RECORDS SUPPLIED:
============

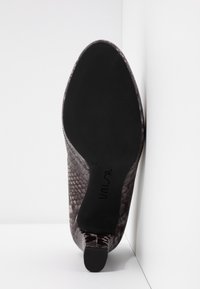 Vue unique d'une botte cheville à bout pointu, effet peau de serpent marron avec une semelle en caoutchouc noire et un talon bloc, sur fond blanc.
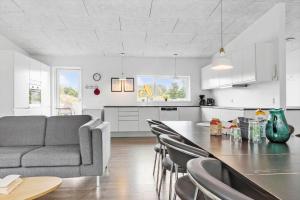 a kitchen and living room with a table and a couch at 8835-Glesborg-Skovsoen-50 in Glesborg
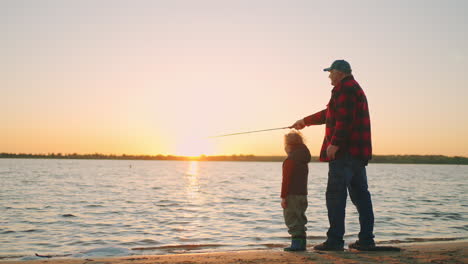 happy father and son are fishing on river shore in sunset old man and little child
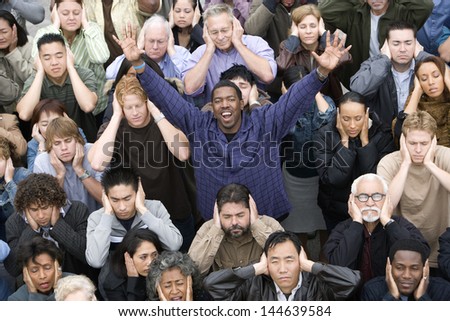 Portrait of a happy African American man raising hands while people covering their ears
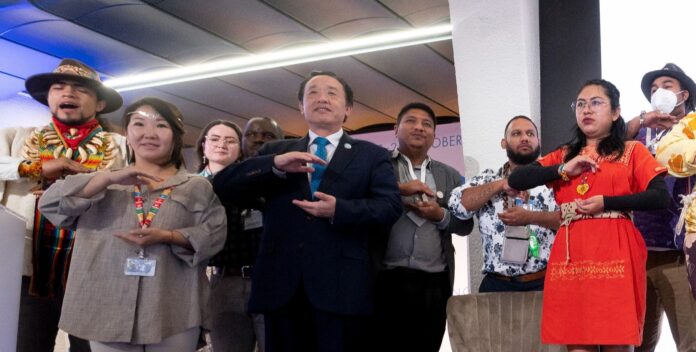 FAO Director-General QU Dongyu with indigenous youth advocates who have been a key part of the activities at the WFF ©FAO/VIctor Sokolowicz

============

EXERCISE:
Set the listing down in full and exactly. Pictures within it should not appear in the copy.

WRITTEN ANSWER:
 Vue unique d'une botte cheville à bout pointu, effet peau de serpent marron avec une semelle en caoutchouc noire et un talon bloc, sur fond blanc.
 a kitchen and living room with a table and a couch at 8835-Glesborg-Skovsoen-50 in Glesborg
 happy father and son are fishing on river shore in sunset old man and little child
 Portrait of a happy African American man raising hands while people covering their ears
 FAO Director-General QU Dongyu with indigenous youth advocates who have been a key part of the activities at the WFF ©FAO/VIctor Sokolowicz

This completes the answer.